• _AIM OF THE TASK_:
Once you find the line below that has "slide 2 of 3, Twin/Full", output it and every line after it exactly, stopping after the line that has "Metallic Lambskin Quilted", with no pictures.

• _INFORMATION PROVIDED_:
=== Begin Enclosure ===
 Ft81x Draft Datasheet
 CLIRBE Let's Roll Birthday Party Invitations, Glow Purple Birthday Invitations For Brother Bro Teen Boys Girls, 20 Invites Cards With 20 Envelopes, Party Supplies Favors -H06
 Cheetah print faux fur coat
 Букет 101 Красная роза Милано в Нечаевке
=== End Enclosure ===
=== Begin Enclosure ===
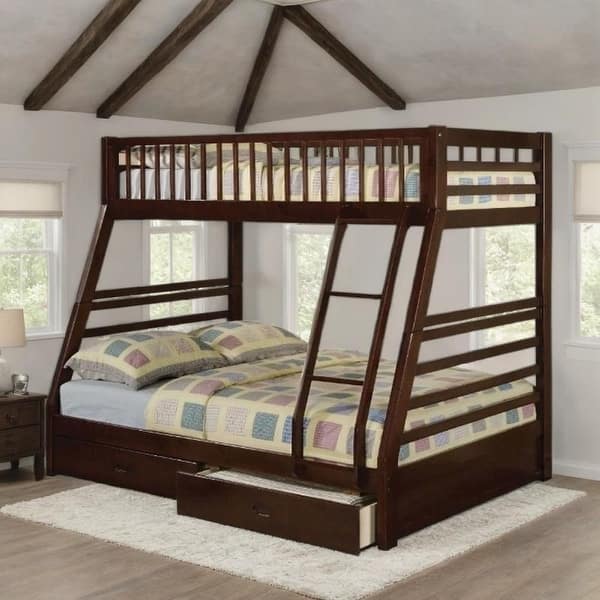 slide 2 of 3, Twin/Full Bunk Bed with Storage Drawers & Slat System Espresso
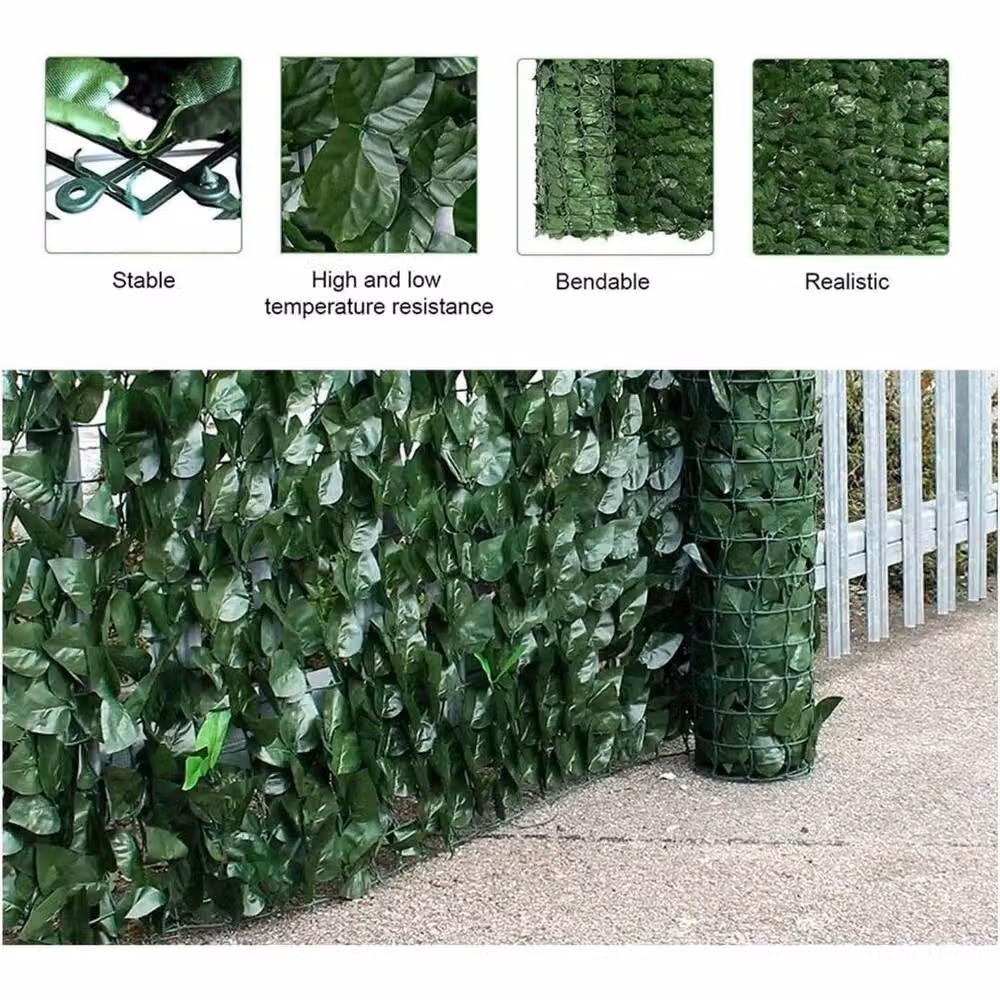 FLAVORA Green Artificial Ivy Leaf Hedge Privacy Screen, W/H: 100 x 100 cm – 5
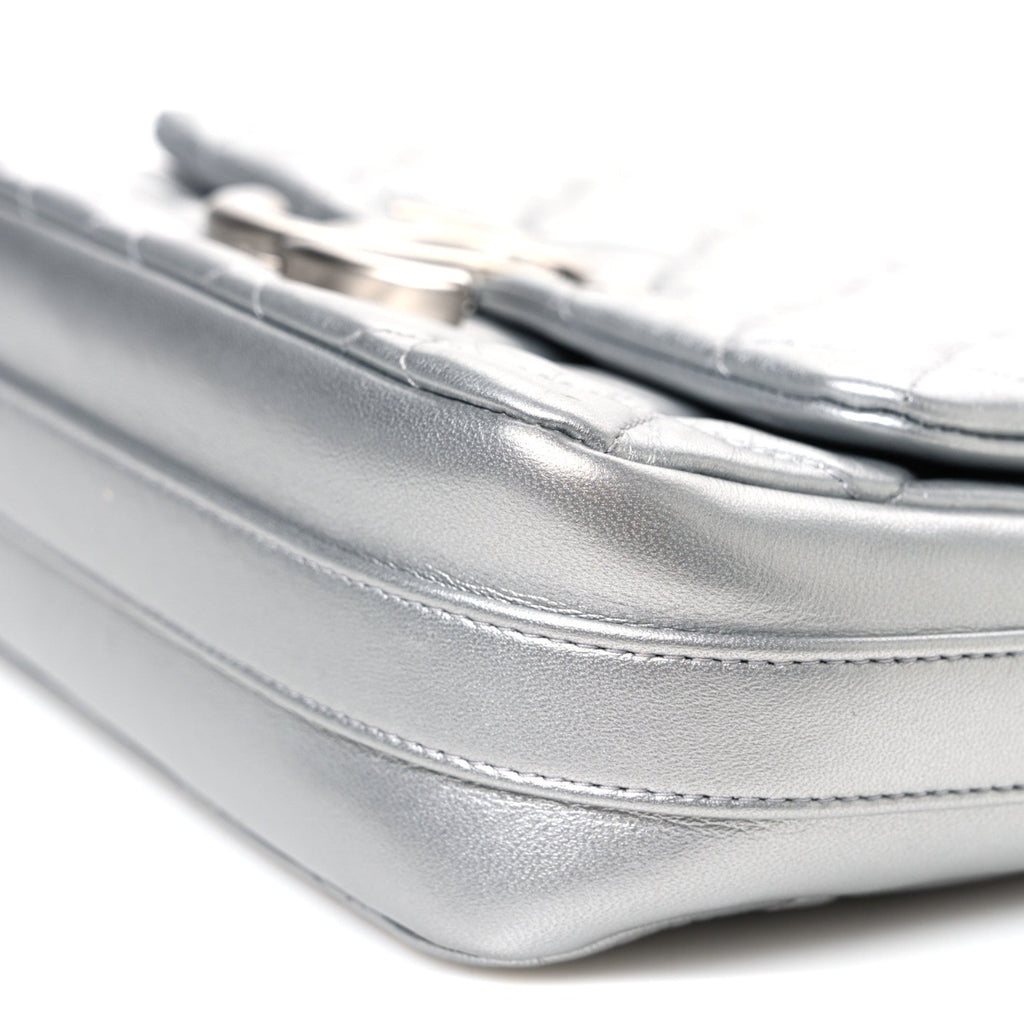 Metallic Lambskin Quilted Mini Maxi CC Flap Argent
=== End Enclosure ===
• _SOLUTION TO THE PROBLEM_:
 slide 2 of 3, Twin/Full Bunk Bed with Storage Drawers & Slat System Espresso
 FLAVORA Green Artificial Ivy Leaf Hedge Privacy Screen, W/H: 100 x 100 cm – 5
 Metallic Lambskin Quilted Mini Maxi CC Flap Argent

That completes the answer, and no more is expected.